WHAT YOU WILL DO
Every record below should be repeated exactly. Omit the pictures.

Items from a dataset
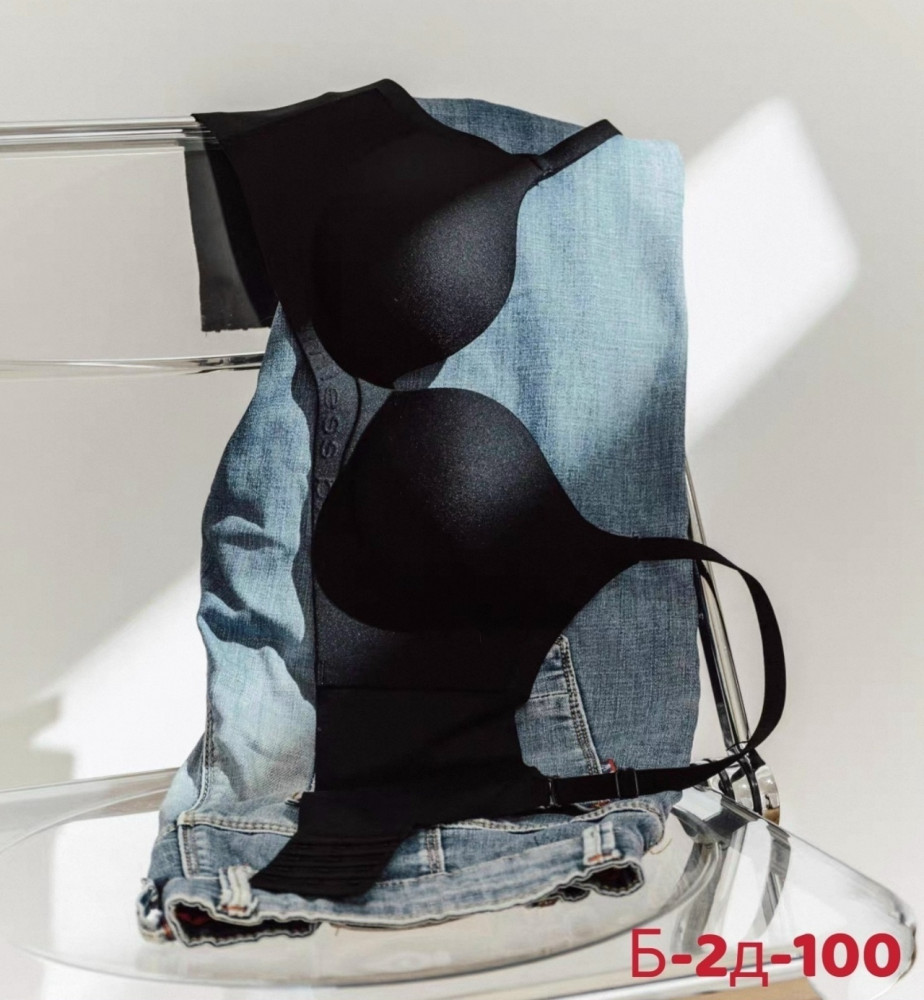 Купить Бесшовный бюстгальтер оптом Садовод Интернет-каталог Садовод интернет-каталог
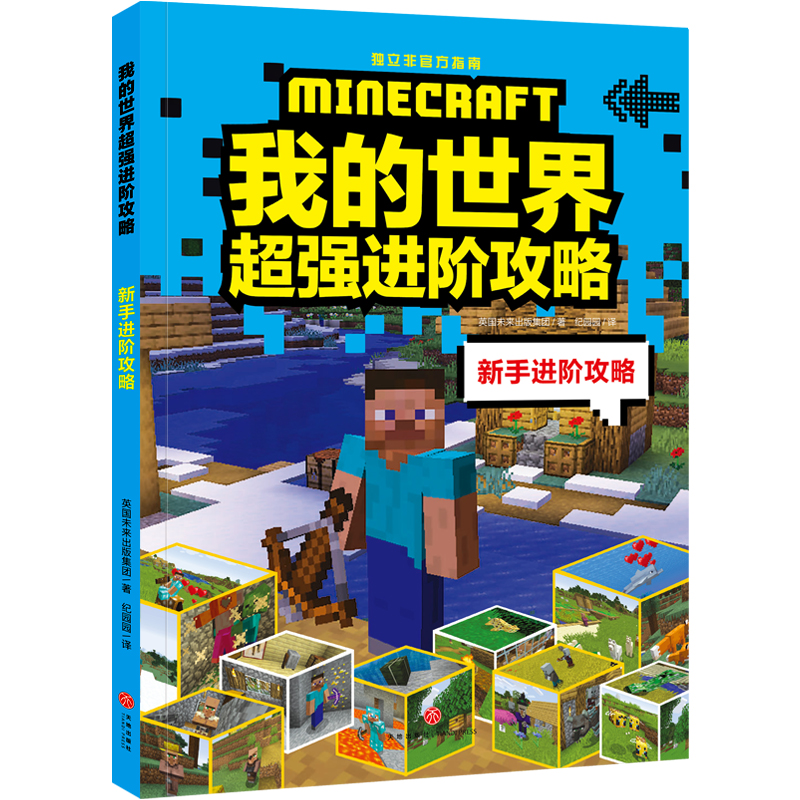 ҵ糬(qing)M(jn)A M(jn)Aԣҵ硷ȫ³(qing)㌍(sh)F(xin)ֵֵ͑׃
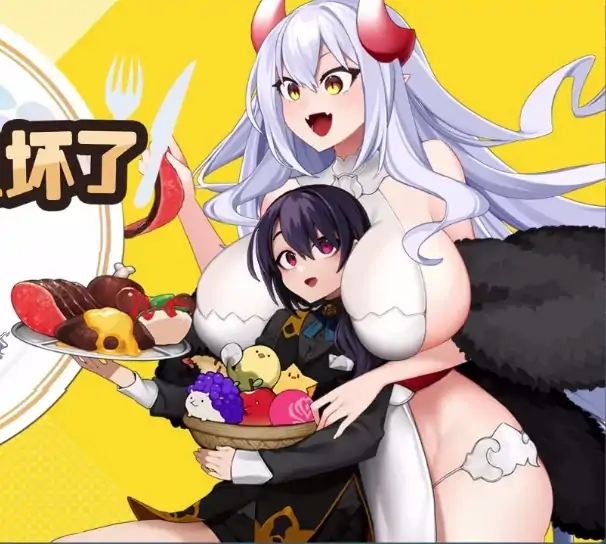 PC电脑 [ARPG/动态/异种]龙姬饿坏了 步+存档v1.01-大壮社区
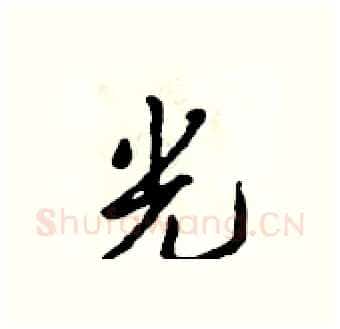 光硬笔行书写法,摘自吴身元硬笔书法字帖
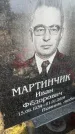 Захоронение ID 6372726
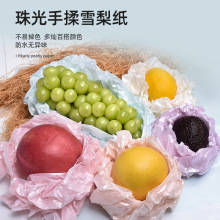 �W�t�������ѩ�漈 ����ˮ���Y�д�������b�DIYˮ�����b��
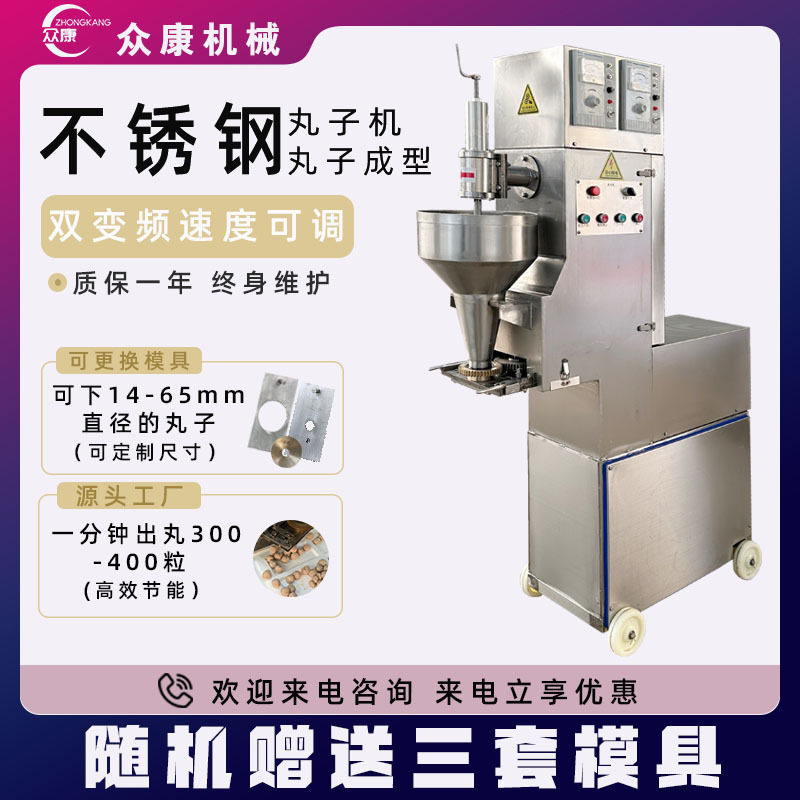 狮子头肉丸成型机商用全自动潮汕牛肉丸四喜丸子机大肉丸机器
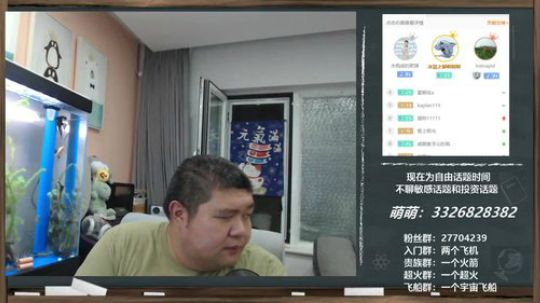 护法惊丶发布了一个斗鱼视频2019-09-20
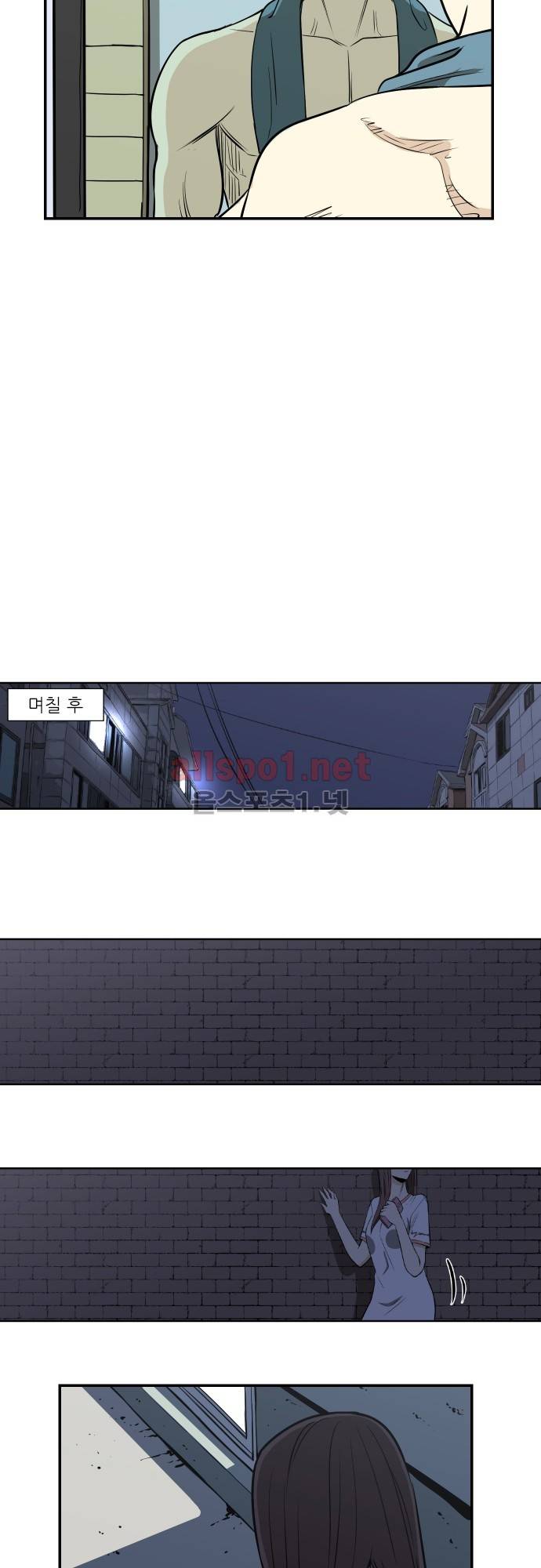 어쩌다 생각나는 이야기 EP4 - 다섯번째(상) 19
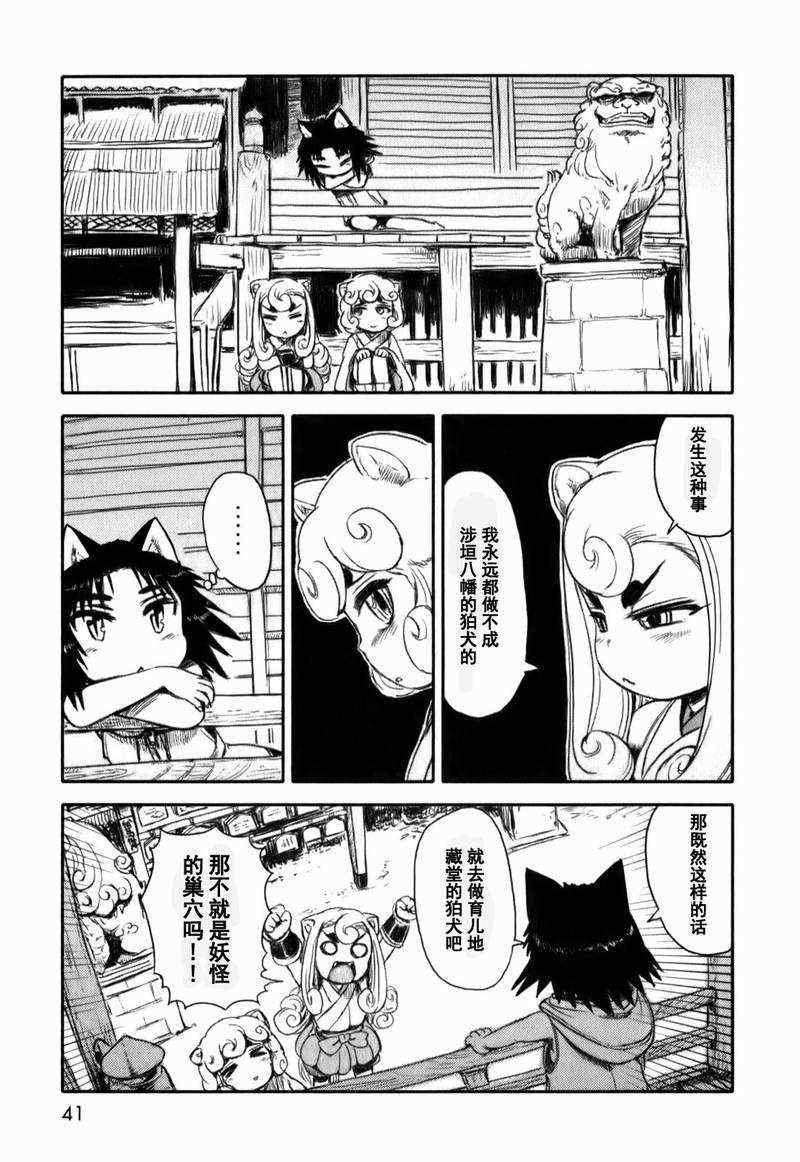 第14话
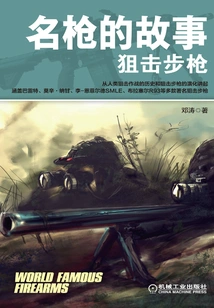 The Story of a Famous Gun: Sniper Rifle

WRITTEN REPLY
 Купить Бесшовный бюстгальтер оптом Садовод Интернет-каталог Садовод интернет-каталог
 ҵ糬(qing)M(jn)A M(jn)Aԣҵ硷ȫ³(qing)㌍(sh)F(xin)ֵֵ͑׃
 PC电脑 [ARPG/动态/异种]龙姬饿坏了 步+存档v1.01-大壮社区
 光硬笔行书写法,摘自吴身元硬笔书法字帖
 Захоронение ID 6372726
 �W�t�������ѩ�漈 ����ˮ���Y�д�������b�DIYˮ�����b��
 狮子头肉丸成型机商用全自动潮汕牛肉丸四喜丸子机大肉丸机器
 护法惊丶发布了一个斗鱼视频2019-09-20
 어쩌다 생각나는 이야기 EP4 - 다섯번째(상) 19
 第14话
 The Story of a Famous Gun: Sniper Rifle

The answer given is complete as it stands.